Il reste beaucoup à faire pour améliorer la souplesse et le fonctionnement de nos marchés intérieurs d'un océan à l'autre. Les règlements et les normes qui régissent les entreprises, y compris dans le secteur financier, doivent être harmonisés d'un bout à l'autre du pays. Le cadre de résolution des différends et d'application des règles relevant de l'ACI doit être renforcé. Et pour que nos marchés du travail deviennent plus flexibles encore, les qualifications professionnelles doivent être reconnues et transférables dans toutes les régions du pays. L'adoption par d'autres de l'Accord conclu entre la Colombie-Britannique et l'Alberta constituerait un pas important dans cette direction.

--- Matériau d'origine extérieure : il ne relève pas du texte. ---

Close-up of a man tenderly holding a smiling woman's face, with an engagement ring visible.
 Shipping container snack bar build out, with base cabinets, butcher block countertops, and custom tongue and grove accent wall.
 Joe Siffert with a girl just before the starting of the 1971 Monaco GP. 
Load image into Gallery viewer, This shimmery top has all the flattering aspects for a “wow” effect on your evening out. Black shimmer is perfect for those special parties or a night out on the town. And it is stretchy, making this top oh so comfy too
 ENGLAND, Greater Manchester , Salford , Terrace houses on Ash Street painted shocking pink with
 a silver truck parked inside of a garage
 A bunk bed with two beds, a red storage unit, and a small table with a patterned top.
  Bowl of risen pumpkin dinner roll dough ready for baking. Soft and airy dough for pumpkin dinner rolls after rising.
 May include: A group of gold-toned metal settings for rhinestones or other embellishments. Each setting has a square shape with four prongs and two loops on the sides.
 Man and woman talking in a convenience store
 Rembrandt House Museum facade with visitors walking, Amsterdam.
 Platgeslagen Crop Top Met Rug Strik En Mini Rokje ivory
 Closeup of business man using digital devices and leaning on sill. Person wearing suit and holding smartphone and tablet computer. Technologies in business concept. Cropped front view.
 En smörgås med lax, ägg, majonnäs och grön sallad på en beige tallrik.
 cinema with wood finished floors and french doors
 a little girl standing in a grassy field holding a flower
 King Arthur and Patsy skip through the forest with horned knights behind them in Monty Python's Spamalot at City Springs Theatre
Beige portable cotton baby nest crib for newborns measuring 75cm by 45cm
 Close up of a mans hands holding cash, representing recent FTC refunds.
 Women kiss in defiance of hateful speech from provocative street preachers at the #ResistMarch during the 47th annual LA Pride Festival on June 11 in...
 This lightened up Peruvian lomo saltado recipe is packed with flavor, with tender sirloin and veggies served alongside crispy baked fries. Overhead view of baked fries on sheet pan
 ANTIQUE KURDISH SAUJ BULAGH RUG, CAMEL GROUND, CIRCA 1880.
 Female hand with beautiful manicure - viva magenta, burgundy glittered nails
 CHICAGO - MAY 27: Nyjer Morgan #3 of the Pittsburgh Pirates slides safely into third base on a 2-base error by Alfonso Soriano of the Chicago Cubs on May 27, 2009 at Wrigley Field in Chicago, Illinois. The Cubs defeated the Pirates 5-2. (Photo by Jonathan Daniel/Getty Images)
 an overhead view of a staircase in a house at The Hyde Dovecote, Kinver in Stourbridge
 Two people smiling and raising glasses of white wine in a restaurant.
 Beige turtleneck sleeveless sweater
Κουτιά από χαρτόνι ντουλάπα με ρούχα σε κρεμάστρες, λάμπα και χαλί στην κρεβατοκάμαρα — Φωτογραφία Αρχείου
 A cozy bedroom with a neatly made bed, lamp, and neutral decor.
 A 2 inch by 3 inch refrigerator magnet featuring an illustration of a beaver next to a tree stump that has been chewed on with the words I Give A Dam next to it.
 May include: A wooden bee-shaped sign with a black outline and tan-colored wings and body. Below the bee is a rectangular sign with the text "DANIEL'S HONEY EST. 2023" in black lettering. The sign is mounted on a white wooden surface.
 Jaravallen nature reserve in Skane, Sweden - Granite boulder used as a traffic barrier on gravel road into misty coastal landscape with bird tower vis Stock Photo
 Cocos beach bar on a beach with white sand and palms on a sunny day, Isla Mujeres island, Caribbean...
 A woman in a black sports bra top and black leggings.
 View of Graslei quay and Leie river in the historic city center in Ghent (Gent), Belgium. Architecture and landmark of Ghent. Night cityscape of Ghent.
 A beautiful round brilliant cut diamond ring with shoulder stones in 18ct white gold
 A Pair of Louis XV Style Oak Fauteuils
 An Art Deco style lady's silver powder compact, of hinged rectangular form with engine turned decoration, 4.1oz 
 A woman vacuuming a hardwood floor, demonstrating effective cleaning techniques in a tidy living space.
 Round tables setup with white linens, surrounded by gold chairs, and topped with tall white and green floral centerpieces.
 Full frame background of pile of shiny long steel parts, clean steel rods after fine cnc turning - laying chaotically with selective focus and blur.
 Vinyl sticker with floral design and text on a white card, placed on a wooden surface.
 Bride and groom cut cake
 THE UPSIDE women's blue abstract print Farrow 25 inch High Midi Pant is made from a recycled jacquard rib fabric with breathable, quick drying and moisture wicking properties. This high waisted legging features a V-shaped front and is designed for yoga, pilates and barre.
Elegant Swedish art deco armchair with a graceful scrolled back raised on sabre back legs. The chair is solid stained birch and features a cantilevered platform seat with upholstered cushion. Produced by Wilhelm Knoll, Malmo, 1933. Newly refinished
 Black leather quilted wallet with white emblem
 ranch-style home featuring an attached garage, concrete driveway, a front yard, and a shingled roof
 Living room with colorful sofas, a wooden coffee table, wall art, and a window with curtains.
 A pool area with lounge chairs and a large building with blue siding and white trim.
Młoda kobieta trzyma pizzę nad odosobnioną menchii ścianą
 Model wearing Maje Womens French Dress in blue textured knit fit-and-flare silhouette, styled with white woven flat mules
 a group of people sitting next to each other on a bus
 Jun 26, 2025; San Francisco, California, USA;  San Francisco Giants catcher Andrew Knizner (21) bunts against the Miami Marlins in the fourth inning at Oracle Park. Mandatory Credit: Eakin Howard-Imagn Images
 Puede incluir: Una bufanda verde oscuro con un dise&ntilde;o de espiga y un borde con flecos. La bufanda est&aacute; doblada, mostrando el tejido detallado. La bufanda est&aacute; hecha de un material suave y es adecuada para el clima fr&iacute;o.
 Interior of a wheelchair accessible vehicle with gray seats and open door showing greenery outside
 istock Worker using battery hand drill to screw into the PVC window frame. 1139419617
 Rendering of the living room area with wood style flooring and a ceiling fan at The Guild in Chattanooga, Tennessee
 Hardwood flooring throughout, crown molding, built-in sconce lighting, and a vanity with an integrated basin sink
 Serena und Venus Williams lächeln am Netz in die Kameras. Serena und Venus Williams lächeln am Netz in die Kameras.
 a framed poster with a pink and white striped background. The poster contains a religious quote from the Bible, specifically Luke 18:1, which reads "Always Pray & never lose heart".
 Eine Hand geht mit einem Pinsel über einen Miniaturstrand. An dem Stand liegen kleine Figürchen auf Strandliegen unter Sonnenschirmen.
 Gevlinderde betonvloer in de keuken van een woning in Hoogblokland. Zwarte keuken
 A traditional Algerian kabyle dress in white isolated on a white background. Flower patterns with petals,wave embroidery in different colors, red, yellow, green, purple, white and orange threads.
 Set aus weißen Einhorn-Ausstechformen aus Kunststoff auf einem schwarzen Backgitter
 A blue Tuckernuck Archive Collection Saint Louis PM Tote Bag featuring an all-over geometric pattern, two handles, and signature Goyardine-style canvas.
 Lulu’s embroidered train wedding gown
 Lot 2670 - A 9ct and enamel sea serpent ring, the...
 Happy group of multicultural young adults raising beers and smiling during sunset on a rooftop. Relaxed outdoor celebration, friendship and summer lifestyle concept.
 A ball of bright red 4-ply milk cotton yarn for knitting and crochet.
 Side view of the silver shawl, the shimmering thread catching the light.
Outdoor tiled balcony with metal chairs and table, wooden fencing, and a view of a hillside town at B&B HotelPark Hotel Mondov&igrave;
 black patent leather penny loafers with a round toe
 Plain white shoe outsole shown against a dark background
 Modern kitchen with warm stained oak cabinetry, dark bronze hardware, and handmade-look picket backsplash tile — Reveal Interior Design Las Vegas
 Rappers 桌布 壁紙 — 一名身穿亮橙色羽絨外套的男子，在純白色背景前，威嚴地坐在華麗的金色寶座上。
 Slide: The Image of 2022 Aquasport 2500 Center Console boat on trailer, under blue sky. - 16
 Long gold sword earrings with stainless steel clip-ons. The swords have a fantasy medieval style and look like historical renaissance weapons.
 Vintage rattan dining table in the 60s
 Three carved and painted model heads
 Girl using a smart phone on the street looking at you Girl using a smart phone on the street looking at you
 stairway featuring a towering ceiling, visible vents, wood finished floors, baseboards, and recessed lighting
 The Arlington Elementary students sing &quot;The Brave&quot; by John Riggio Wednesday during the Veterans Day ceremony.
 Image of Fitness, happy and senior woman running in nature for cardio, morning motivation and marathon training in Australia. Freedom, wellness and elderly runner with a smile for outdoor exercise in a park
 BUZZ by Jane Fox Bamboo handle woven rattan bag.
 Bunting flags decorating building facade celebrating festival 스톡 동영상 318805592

La Banque du Canada a aussi un rôle appréciable à jouer pour aider notre économie à s'adapter aux changements économiques. La politique monétaire axée sur un taux d'inflation bas, stable et prévisible qu'elle met en oeuvre aide les entreprises canadiennes à décoder plus clairement les signaux transmis par les prix, à réagir plus rapidement aux variations des prix relatifs, et à allouer plus efficacement les ressources de production.

Je dirai pour conclure que le paysage économique ne sera pas moins exempt d'incertitude, de risques et de chocs demain qu'il ne l'a été jusqu'à présent. Nous devons tous contribuer au bien-être économique du Canada et nous avons tous un rôle à jouer pour améliorer notre flexibilité et notre adaptabilité. De cette seule perspective, l'étude de questions relatives aux barrières internes au commerce qui est faite par ce comité est importante et arrive à point nommé.

Merci, Monsieur le Président. John et moi nous ferons maintenant un plaisir de répondre à vos questions et commentaires.